Peregrine agreed (in so many words), and she nodded to his suggestion. She waited for him to get into position, and then she began frantically digging at the earth, making a total mess of herself all the while. What little spots of white had once covered her underbelly and front paws were now a dark shade of brown, compliments of the soil. Fox could "feel" the scent getting stronger, and she knew that the critters couldn't be too far off now.

If Perry was doing his job (something she did not doubt in the least), their food would soon come out one end or the other. And then it would be off to feed his mentally-absent brother. For now, though, the yearling focused on the task at hand.
He halfway expected a teasing retort in reply to his use of back door, yet Fox said nothing. Peregrine smiled at her, then turned and began nosing the ground, searching for any sign of the burrow's rear entrance. He found it with relative ease and began clawing clumps of earth away from it.

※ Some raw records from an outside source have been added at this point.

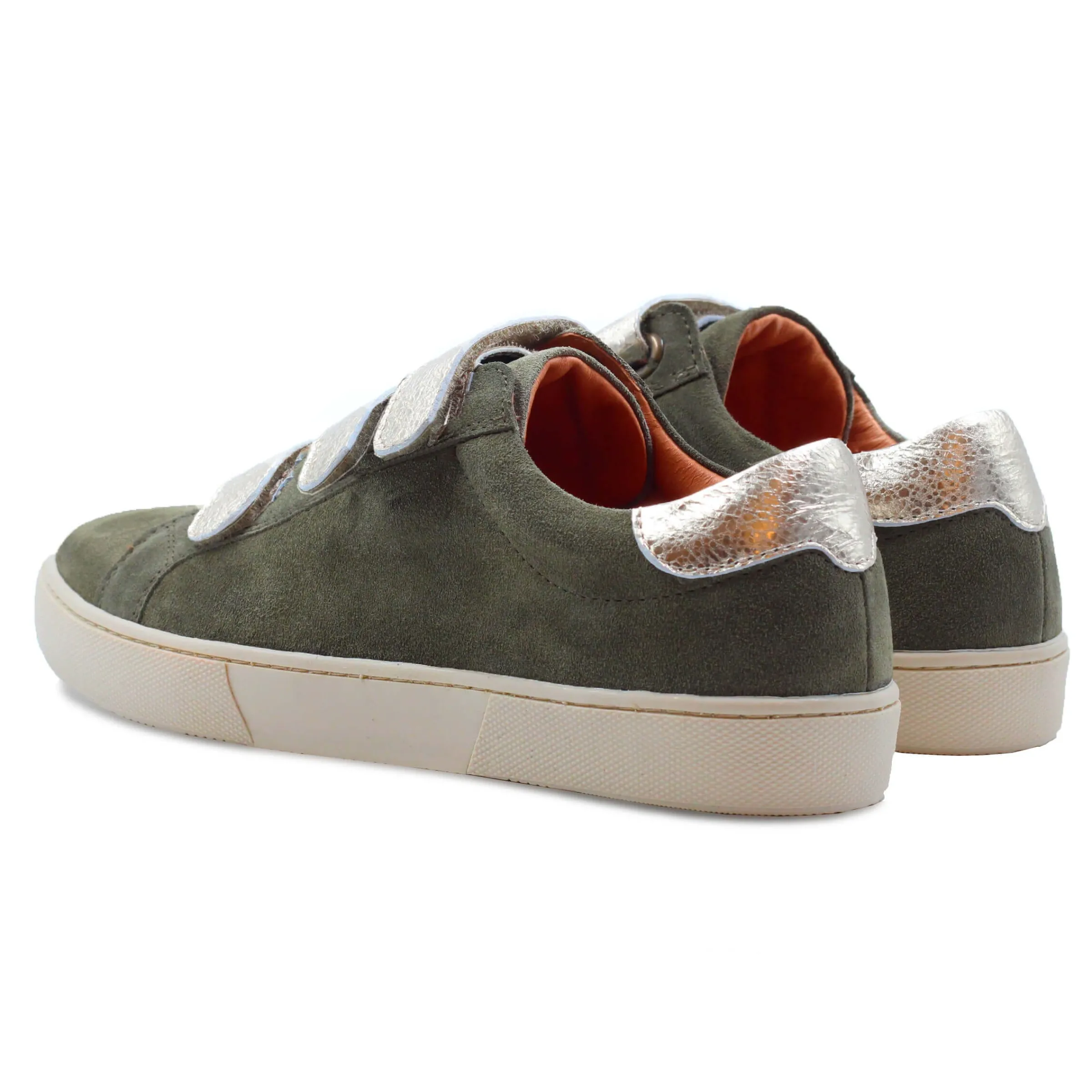 Femme JULES & JENN Baskets | Baskets scratch cuir daim kaki doré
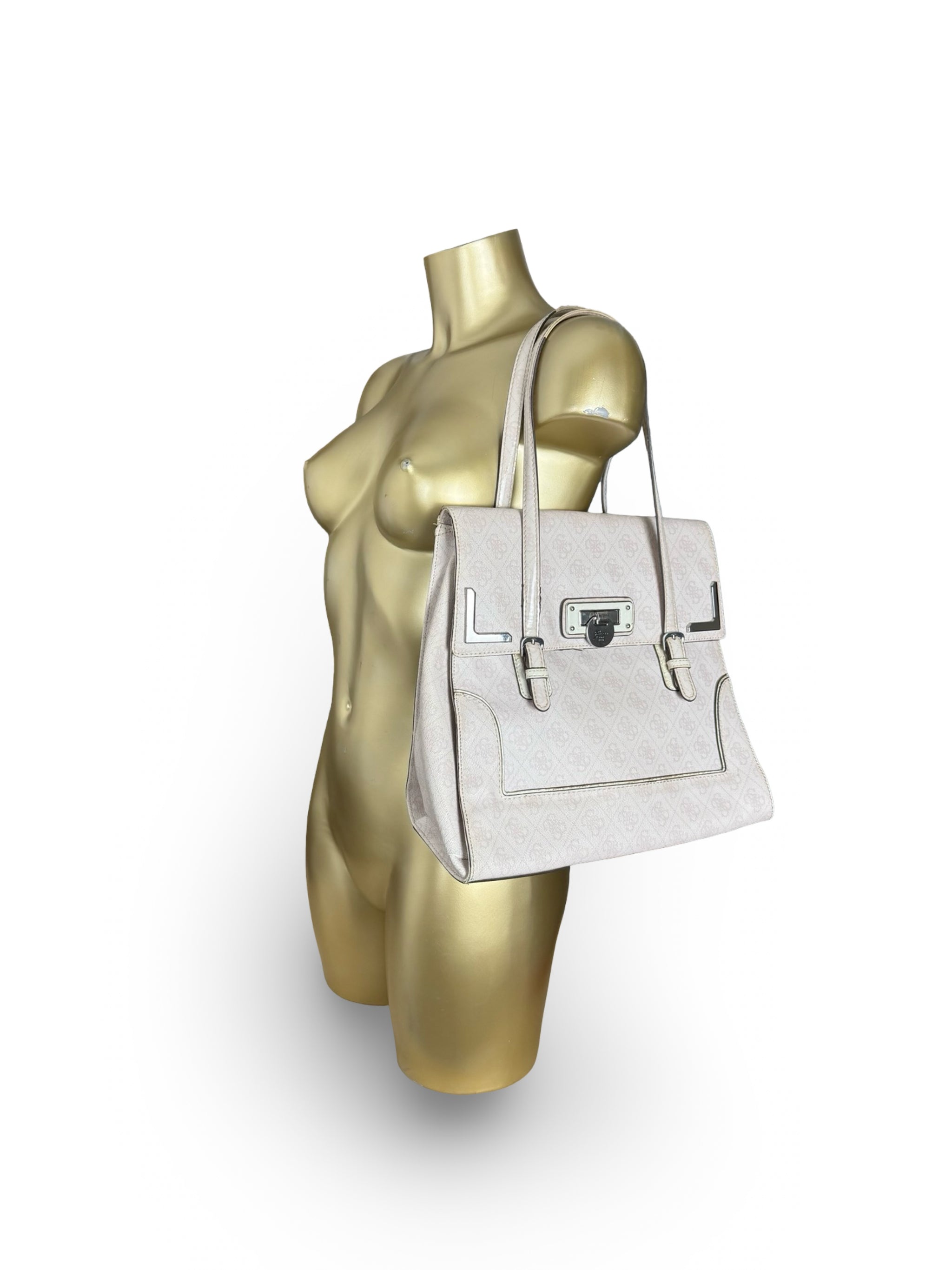 Cream monogram medium shoulder bag (29x32cm)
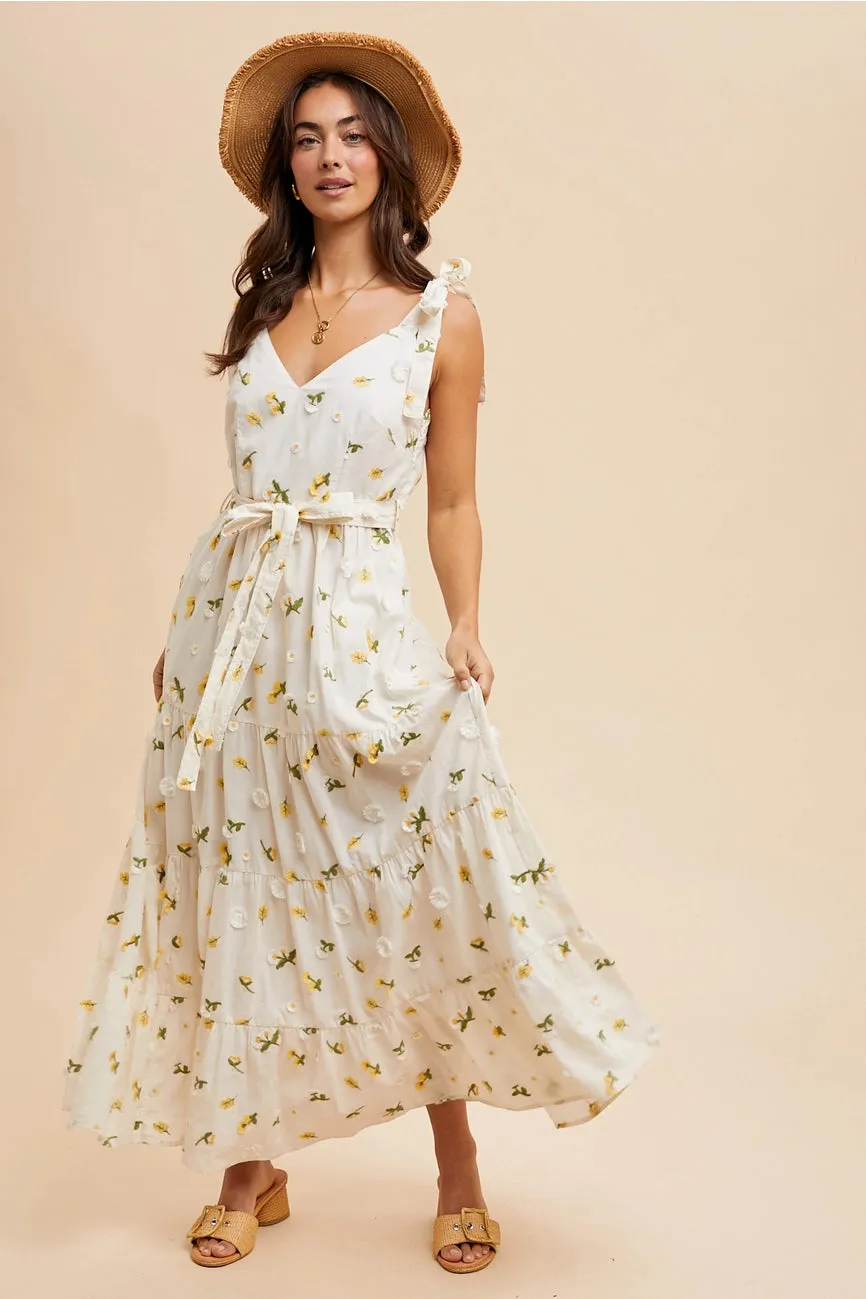 Tie Shoulder Embroidered Cotton Maxi Dress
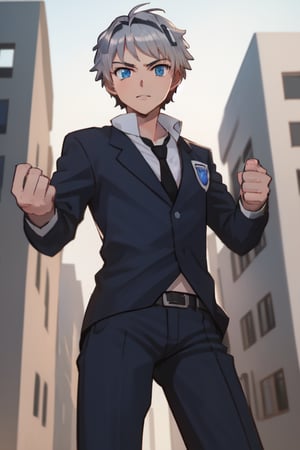 best quality, extremely detailed, masterpiece, manly, manful, cool pose, teenager, blue suit, school, school uniform, black tie, black trousers, silver hair, short_hair, blue eyes, protagonist (caligula), fist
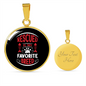 Rescued Is My Favorite Cat Circle Necklace Stainless Steel or 18k Gold 18-22"-Express Your Love Gifts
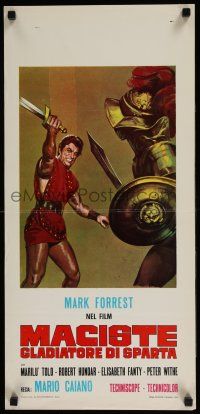 4p582 TERROR OF ROME AGAINST THE SON OF HERCULES Italian locandina R70s cool art of Mark Forest!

He paused when he heard scurrying, chattering noises from within the little den. Peregrine suddenly thrust his muzzle into the hole and snarled savagely, hoping to scare the groundhog so badly that it instinctively darted out the front entry and right into his mate's waiting jaws.
I did a dice roll because why not! Also, I think you can fade out with your next post. :)

Fox & Perry hunt: 3
Success: 3+

Now completely covered in a fine coat of damp dust, Fox watched her end of the burrow with anticipation as her front paws continued in a flurry. She heard Peregrine's snarl, and she braced herself for the critter that would surely come darting out. Fox blinked, nearly missing the moment when the groundhog tried to slip past her. Thankfully, she was quick enough to pounce on it with her feet, delivering a forceful bite on the creatures neck as soon as she had it secured.

Sneezing, due to the upturned earth, she picked up their catch and shook it around, as if to wave it at Peregrine. Without a word, she slipped to his side and bumped his shoulder with her own. Then, she turned toward the place where Atticus had been staying. This was his meal, after all.
Sure thang!

Their plan worked like a charm. Peregrine heard the unmistakable noises as his mate dispatched their prey as he loped back to the burrow's entrance. He smiled at her, licking her cheek and waving his tail. He fell into step behind her when she motioned that they carry the carcass to Atticus.

"This may be a hokey cliché but... we make a fucking fabulous team," he purred in her ear as they disappeared in the direction of Blue Willow's den.